Nach der Reinigung: Polieren und neuen Kalkflecken vorbeugen
Nach dem Entfernen der Kalkflecken sollten Sie das Kupfer gründlich mit klarem Wasser nachspülen und sofort trocken reiben, da stehendes Wasser wieder neue Flecken hinterlässt. Ein paar Tropfen Pflanzenöl auf einem trockenen Tuch verlängern laut smarticular.net den Glanz und verlangsamen die erneute Reaktion mit der Luft. Wie oft poliert werden muss, hängt vom Anspruch ab: Für rein dekorative Stücke reicht laut Töpfeboutique ein Polieren alle paar Wochen, während bei täglich genutztem Kochgeschirr die Funktion auch ohne regelmäßiges Polieren erhalten bleibt.
Wer hartes Leitungswasser hat, kann die Bildung neuer Kalkflecken zusätzlich verlangsamen, indem er Kupfergeschirr nach jeder Reinigung von Hand trocknet, statt es einfach abtropfen zu lassen.
Häufige Fragen
Kann ich Kalkflecken auf Kupfer auch mit Essigessenz statt normalem Essig entfernen?

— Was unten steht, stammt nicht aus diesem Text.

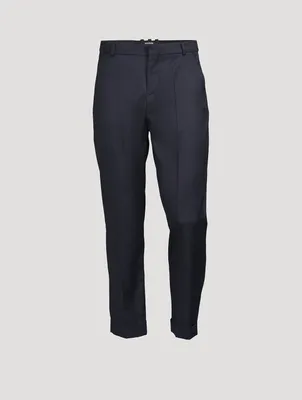 Wool Straight-Leg Pants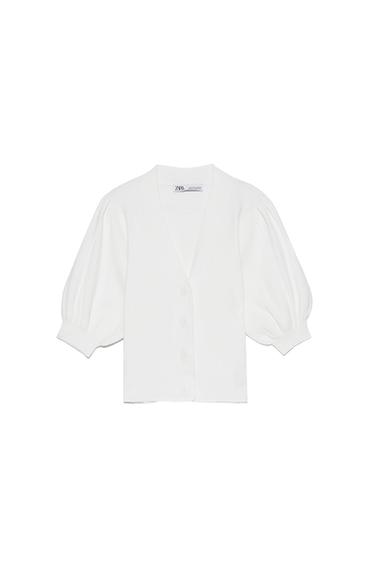 PUFF SLEEVE KNIT TOP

Essigessenz wirkt deutlich konzentrierter als Tafelessig und löst Kalk schneller, sollte aber verdünnt eingesetzt werden, etwa 0,1 Liter Essigessenz auf einen Liter warmes Wasser, damit die Kupferoberfläche nicht unnötig angegriffen wird.
Darf ich Stahlwolle oder einen Scheuerschwamm für hartnäckige Kalkflecken verwenden?
Nein. Scheuerschwämme und Stahlwolle verkratzen die weiche Kupferoberfläche dauerhaft. Für mechanische Unterstützung reicht aufgelöstes Salz in der Essig- oder Zitronenlösung, sanft mit einem weichen Tuch eingearbeitet.
Woran erkenne ich, ob ein grüner Fleck Grünspan oder harmlose Patina ist?
Patina zeigt sich als gleichmäßige, bräunliche bis dunkle Tönung und lässt sich kaum abwischen. Grünspan ist deutlich grünlich, wirkt pudrig und lässt sich meist leicht mit dem Finger oder einem Tuch abreiben.
Kann ich Kupfertöpfe mit Zinnbeschichtung in die Spülmaschine geben?
Nein. Weder unbeschichtetes Kupfer noch Kupfergeschirr mit Zinn- oder Edelstahlinnenseite gehört in die Spülmaschine, da die Kombination aus scharfen Reinigern und Hitze zu dunklen Verfärbungen führt und die Beschichtung angreifen kann.
Wie lange darf die Essig-Salz-Mehl-Paste auf hartnäckigen Kalkkrusten einwirken?
Je nach Verschmutzungsgrad etwa eine bis zwei Stunden. Danach die Paste mit klarem Wasser abspülen und das Kupfer sofort trockenreiben.